Top of INFORMATION
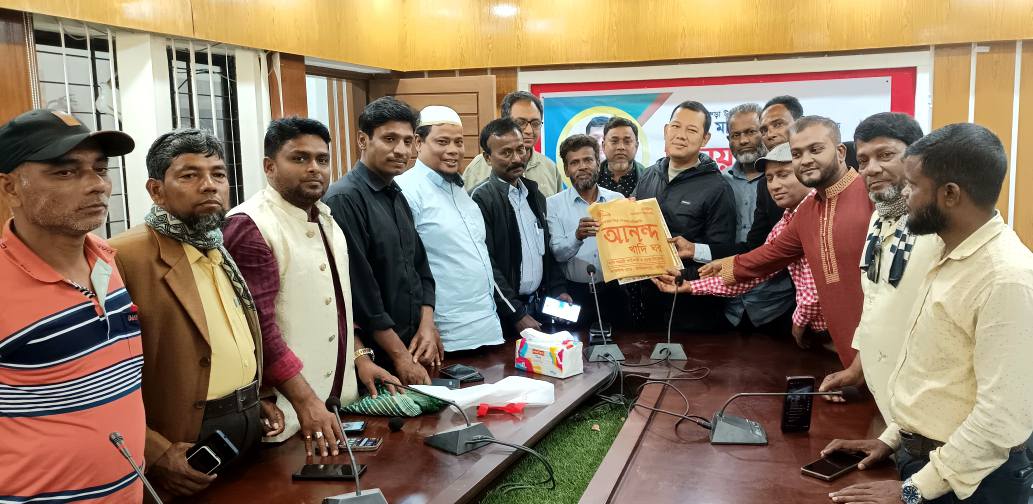 বরুড়ায় ইউএনও নু-এমং মারমা মংকে বরুড়া উপজেলা প্রেসক্লাবের বিদায় সংবর্ধনা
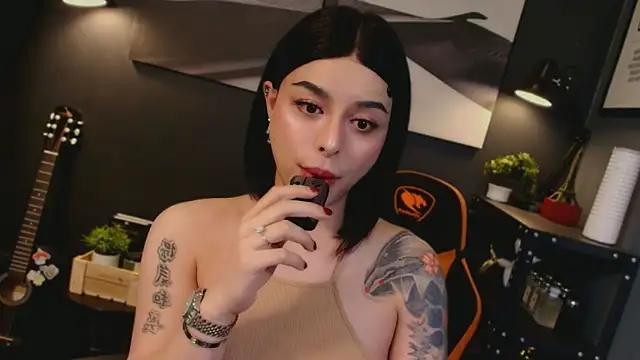 LUNACOCKSLAYER online show from November 26, 9:15 pm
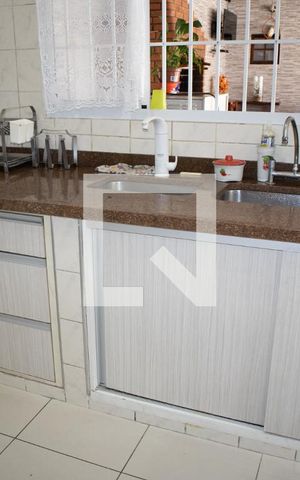 Casa à venda com 400m², 5 quartos e 8 vagasCozinha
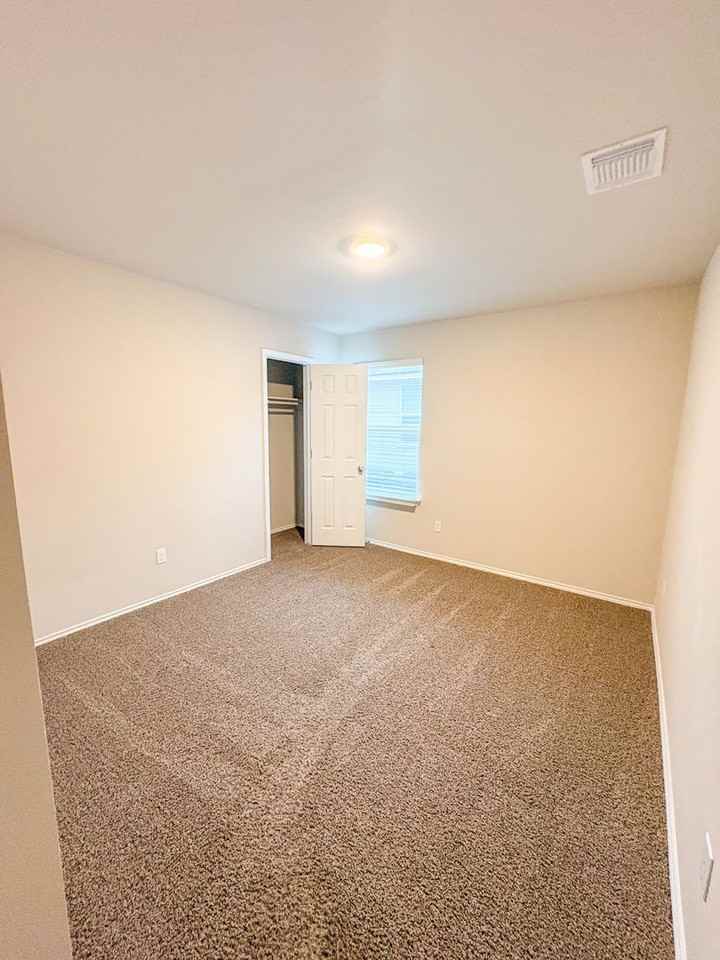 8713 Cantera Ridge Rd - Photo 6 of 16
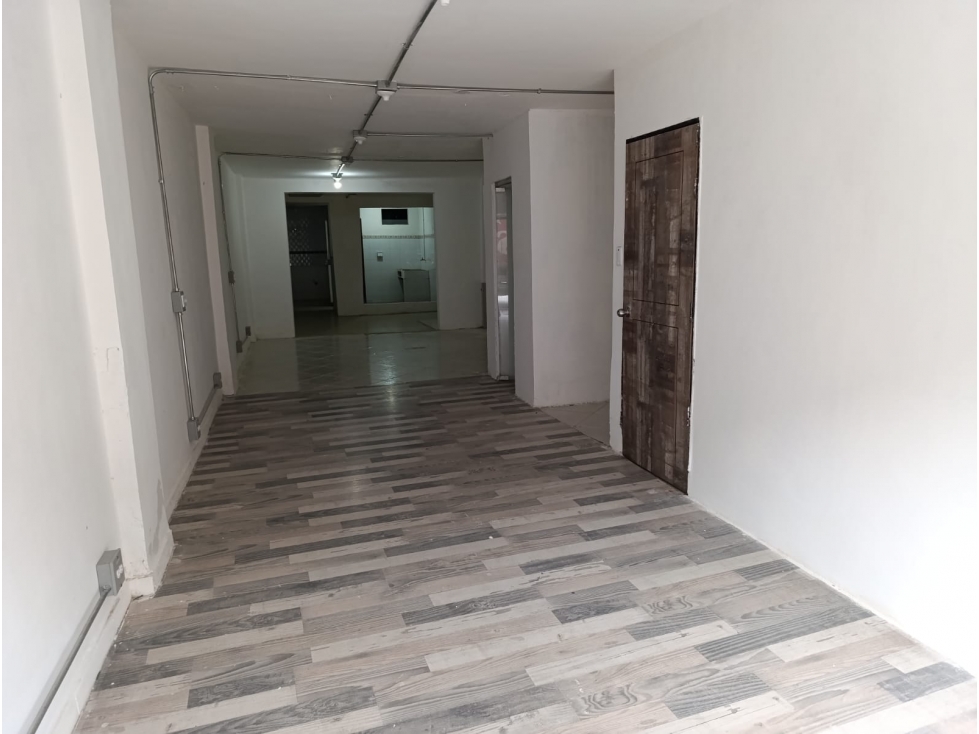 ARRIENDO LOCAL SOBRE SAN JUAN CON LA 78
Bottom of INFORMATION
EXERCISE BRIEF: The pictures in the listing above are to be dropped, and everything else reproduced exactly.

ANSWER TO THE PROBLEM:
 বরুড়ায় ইউএনও নু-এমং মারমা মংকে বরুড়া উপজেলা প্রেসক্লাবের বিদায় সংবর্ধনা
 LUNACOCKSLAYER online show from November 26, 9:15 pm
 Casa à venda com 400m², 5 quartos e 8 vagasCozinha
 8713 Cantera Ridge Rd - Photo 6 of 16
 ARRIENDO LOCAL SOBRE SAN JUAN CON LA 78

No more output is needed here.